ASSIGNMENT: Repeat, line for line, only the span that opens at the "gate交易所app下载" line and closes at the final line below. Skip the pictures.

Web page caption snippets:
*-*-*

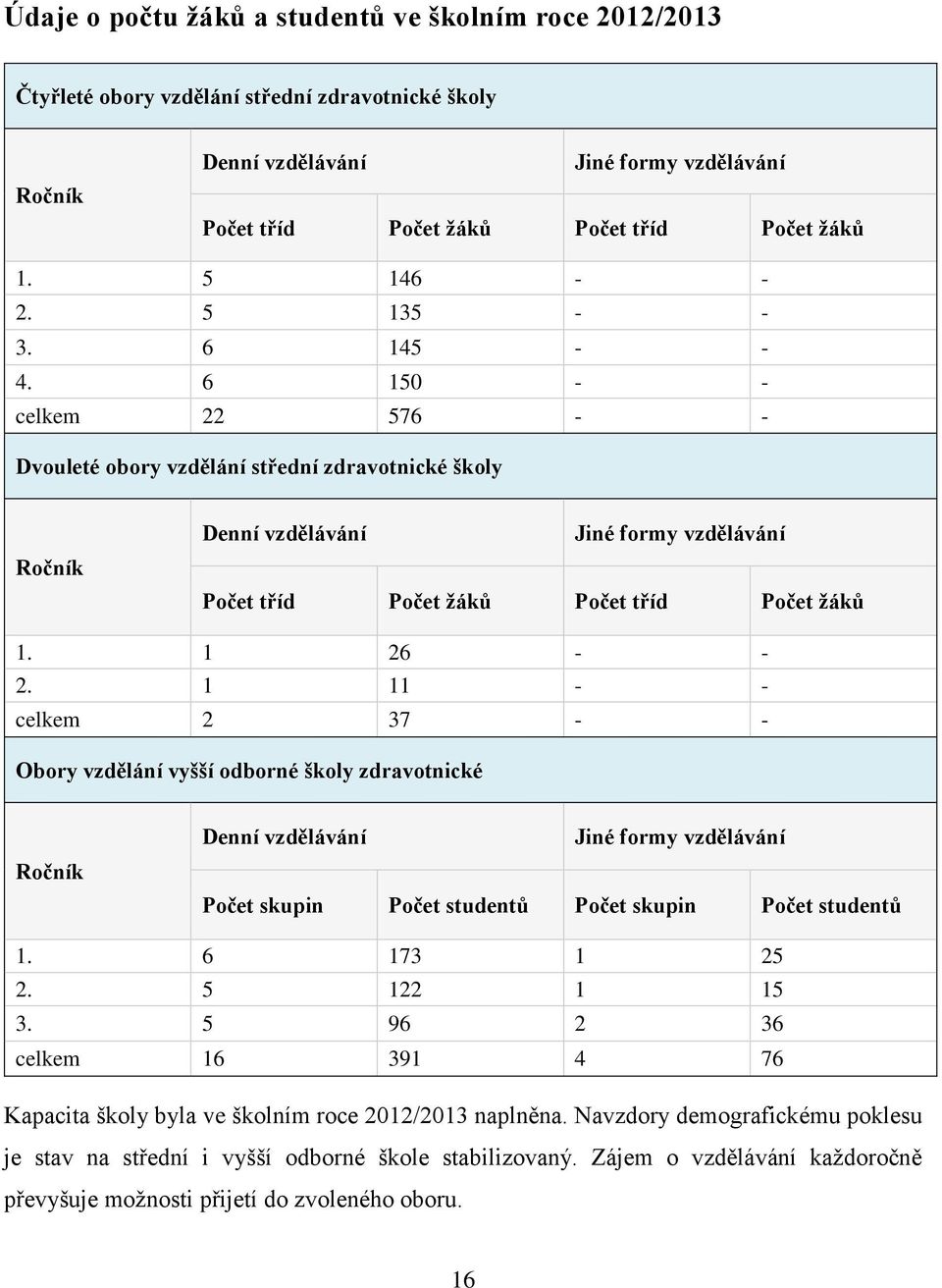 6 150 - - celkem 22 576 - - Dvouleté obory vzdělání střední zdravotnické školy Ročník Denní vzdělávání Jiné formy vzdělávání Počet tříd Počet žáků Počet tříd Počet žáků 1. 1 26 - - 2.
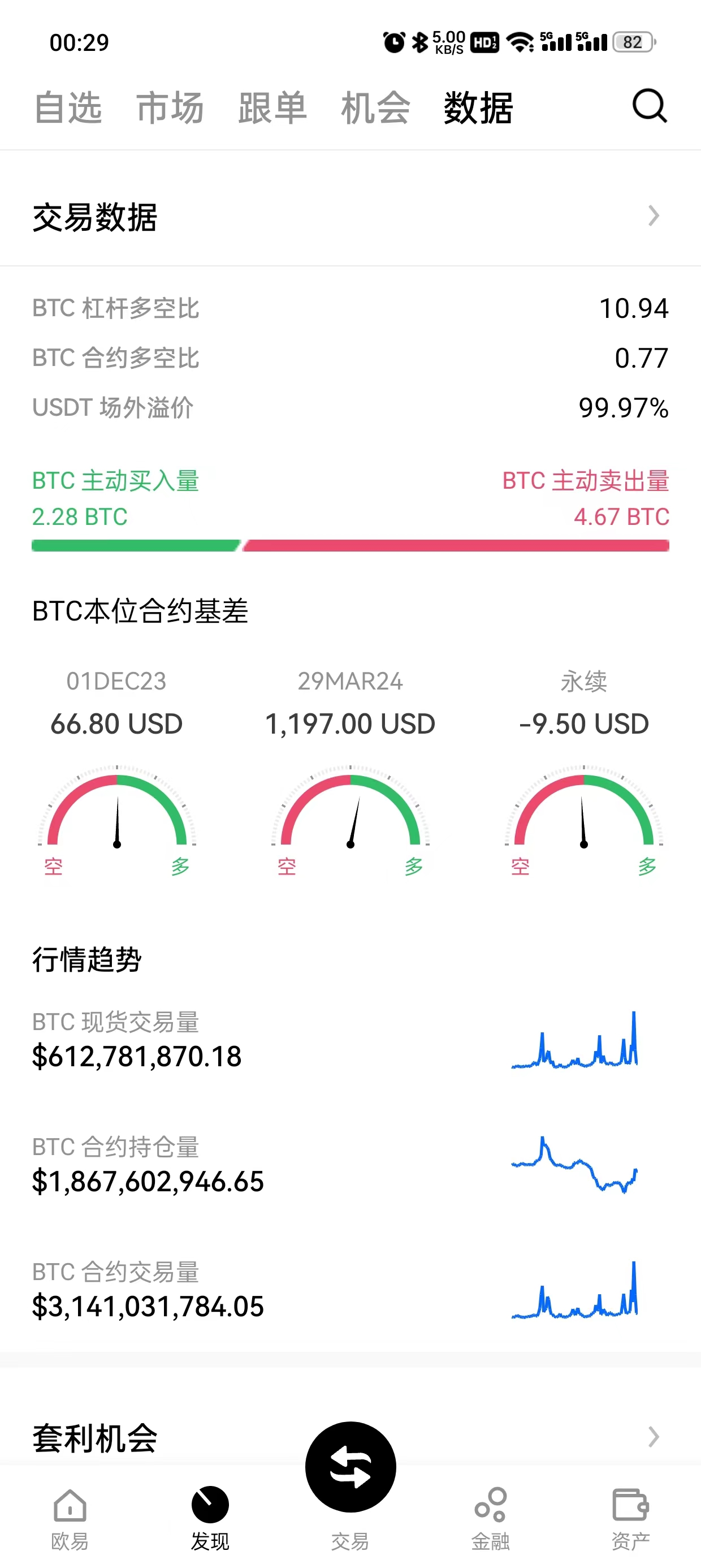 gate交易所app下载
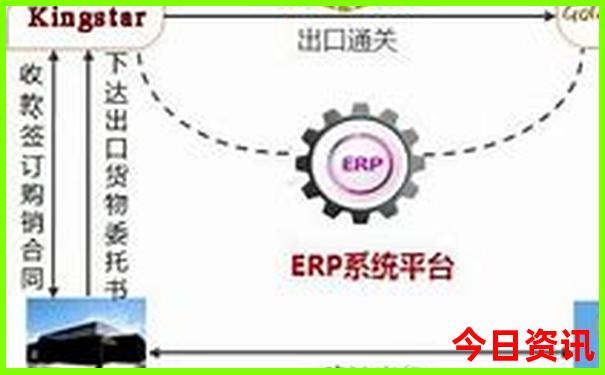 湖南红色旅游景点有哪些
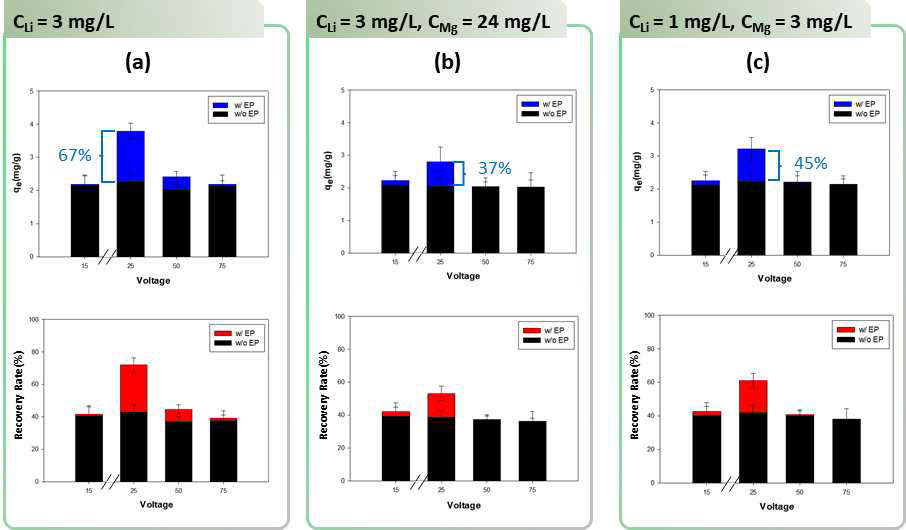 (a-c) 염수 조건에 따른 이온 흡착 성능 변화(상단 그래프:흡착능 하단 그래프 : 회수율)), (a) Li+:3ppm (b) Li+:3ppm Mg2+:24ppm (Mg2+/Li+:8) (c) Li+:1ppm Mg2+:3ppm (Mg2+/Li+:3)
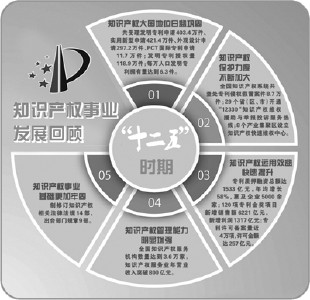 “十二五”四川省知识产权工作成效斐然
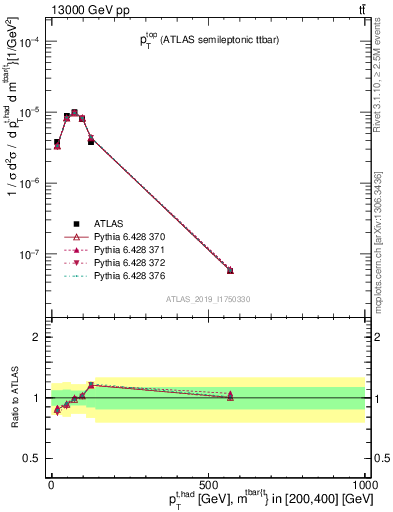 Plot of top.pt in 13000 GeV pp collisions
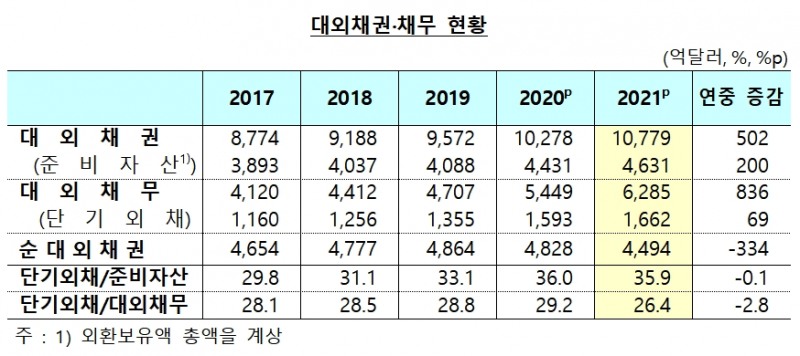 대외채권/채무 현황 / 자료제공= 한국은행(2022.02.23)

*-*-*

EXERCISE RESULT:
 gate交易所app下载
 湖南红色旅游景点有哪些
 (a-c) 염수 조건에 따른 이온 흡착 성능 변화(상단 그래프:흡착능 하단 그래프 : 회수율)), (a) Li+:3ppm (b) Li+:3ppm Mg2+:24ppm (Mg2+/Li+:8) (c) Li+:1ppm Mg2+:3ppm (Mg2+/Li+:3)
 “十二五”四川省知识产权工作成效斐然
 Plot of top.pt in 13000 GeV pp collisions
 대외채권/채무 현황 / 자료제공= 한국은행(2022.02.23)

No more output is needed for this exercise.